## Given material
● ● ● ● ● ● ●

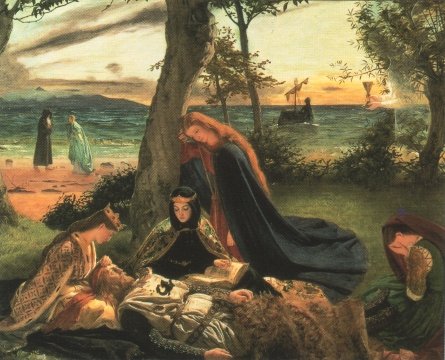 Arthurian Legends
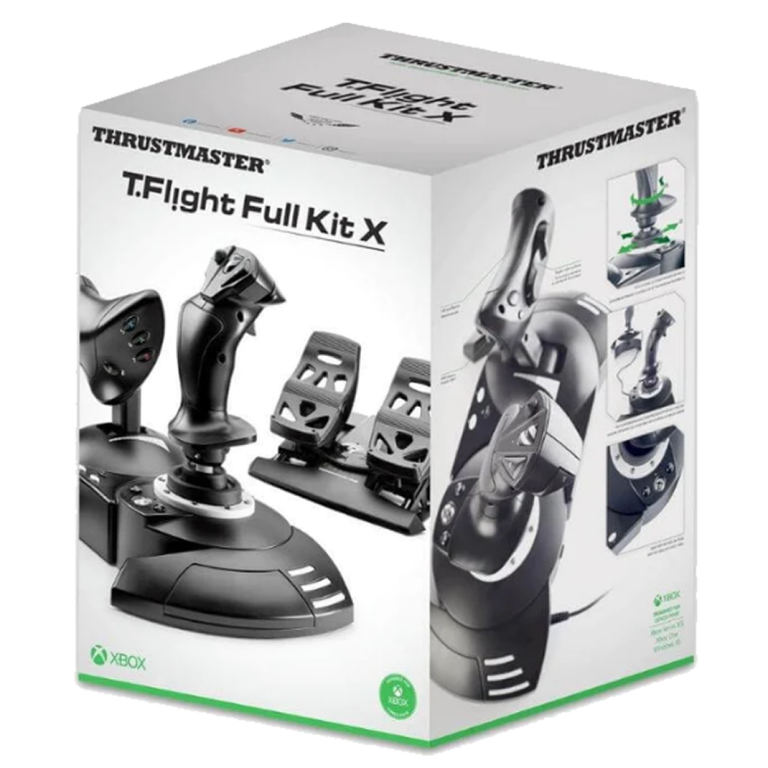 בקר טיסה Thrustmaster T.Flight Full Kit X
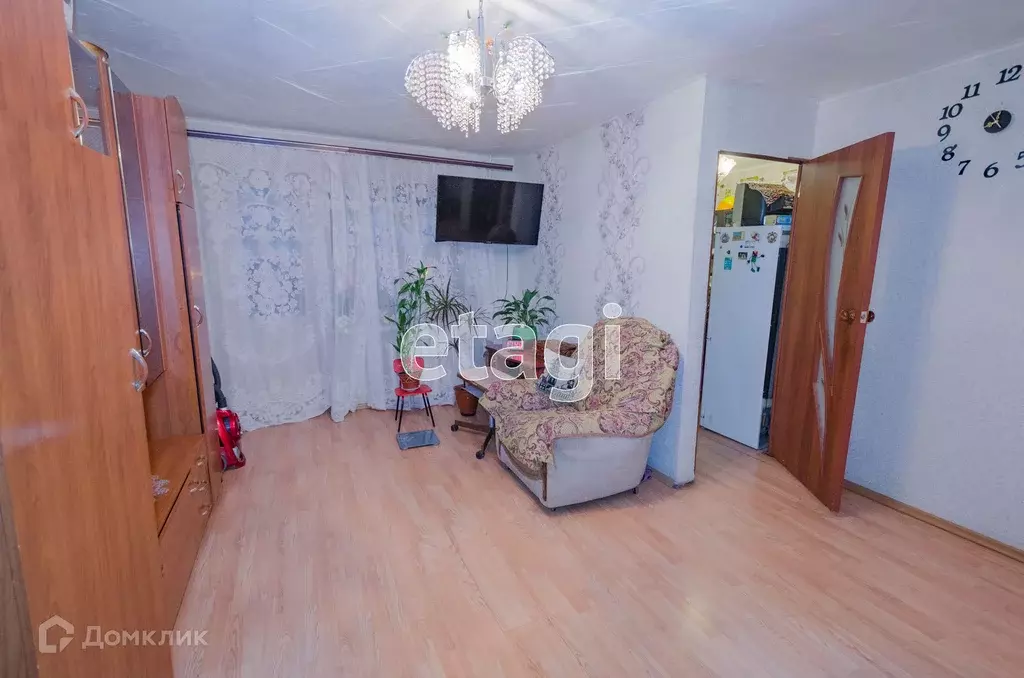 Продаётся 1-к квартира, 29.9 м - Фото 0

● ● ● ● ● ● ●

## What the task asks
Write out the material above exactly; no pictures.

## Exercise solution
 Arthurian Legends
 בקר טיסה Thrustmaster T.Flight Full Kit X
 Продаётся 1-к квартира, 29.9 м - Фото 0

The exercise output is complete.